Would she be happy for Laurence to be filmed acting in similar sex scenes? “No way!” she laughs.
“It would not be OK. Fine, I have extreme double standards, but I couldn’t handle it. I’d be down on set hawk-eyeing everyone, being an overwhelming pain.
“Well, to be fair to me he has had kissing scenes in the past, which I’ve handled with good grace – although he might say otherwise.”
On the end of playing a prostitute, and why there’s no place like home..
With two iconic roles behind her – Secret Diary’s Belle du Jour and Doctor Who’s Rose Tyler – what’s next for Billie Piper?
“Well it’s an absolute no for music,” she says. “That’s very much in the past for me. And it’s totally the end of Doctor Who for me, too. I can’t imagine anything would bring me back, and they’re done with Rose.
“They’ve got this great new set up with Matt Smith and Karen Gillan and it works brilliantly. So there’s no way in the world it will happen again for me – well not for the foreseeable future.
“Both Belle and Rose have been brilliant for my career, but I don’t know yet if they might become curses some day. They haven’t been so far, but who knows? The problem with something like Secret Diary is that you could end up getting endless sexy scripts and a long line of sexual predator parts, which you could tire of.

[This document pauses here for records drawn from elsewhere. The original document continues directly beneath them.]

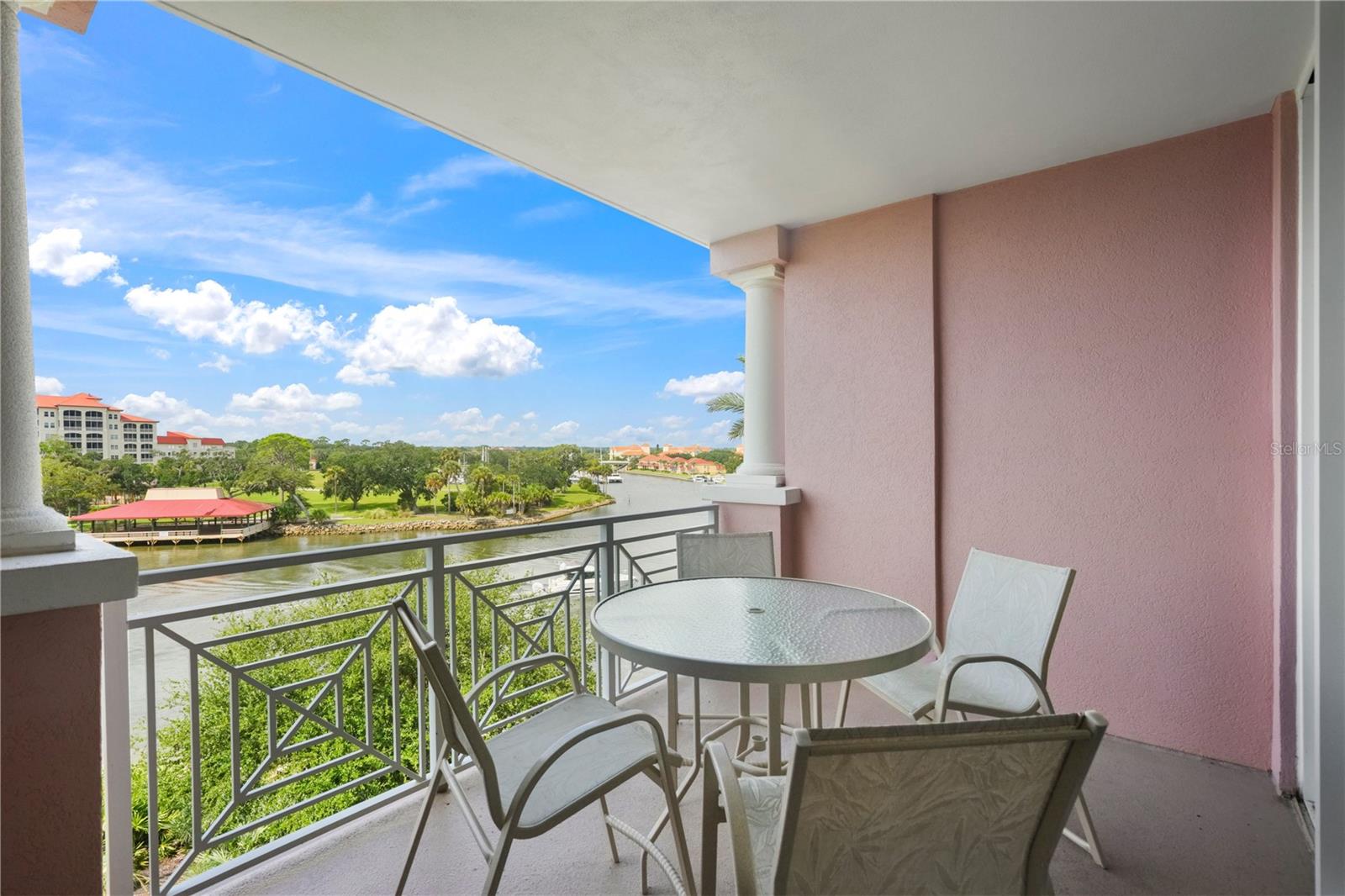 102 YACHT HARBOR DR #478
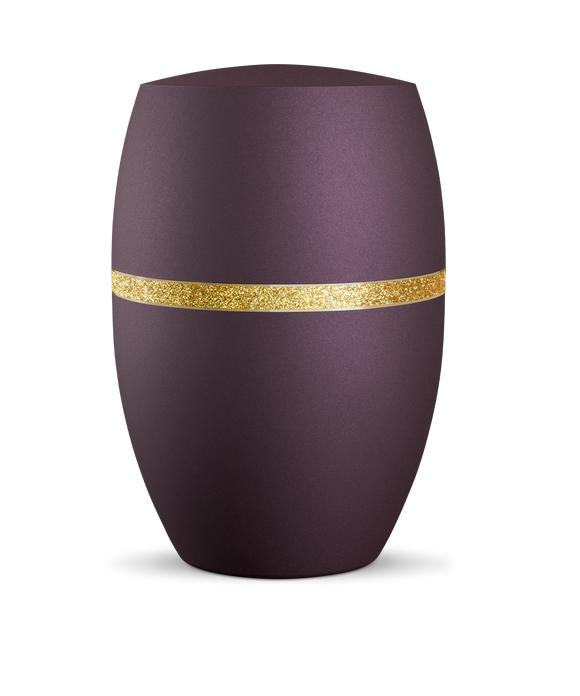 Völsing Urne Edition Infinity Glamour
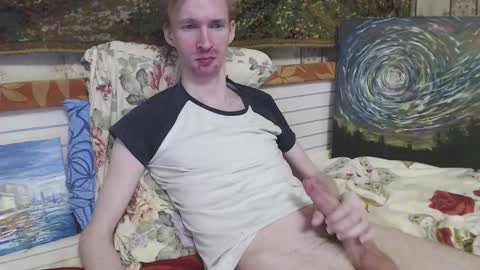 Timofey online show from 15, 9, 2025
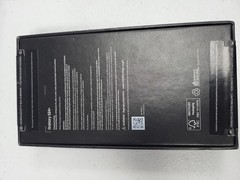 Samsung Galaxy S24+ 5G – Sealed Factory Unlocked S926U1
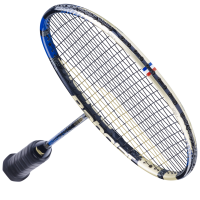 2025 BABOLAT SATELITE MASTER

“It’s not something I want to keep doing over and over again. And I got a lot of stick about it, too. Playing a prostitute doesn’t go down well with everyone, surprisingly. But the role took me into the American market, which is fantastic.”
Next stop the US, then?
“Well Laurence and I would both consider it and there do seem to be more roles there,” she says. “But I love it here, I love England and I can’t imagine moving permanently. It’s this time of year that you think there’s nowhere more beautiful in the world. There are brilliant things about LA, but I’m a real sucker for home.”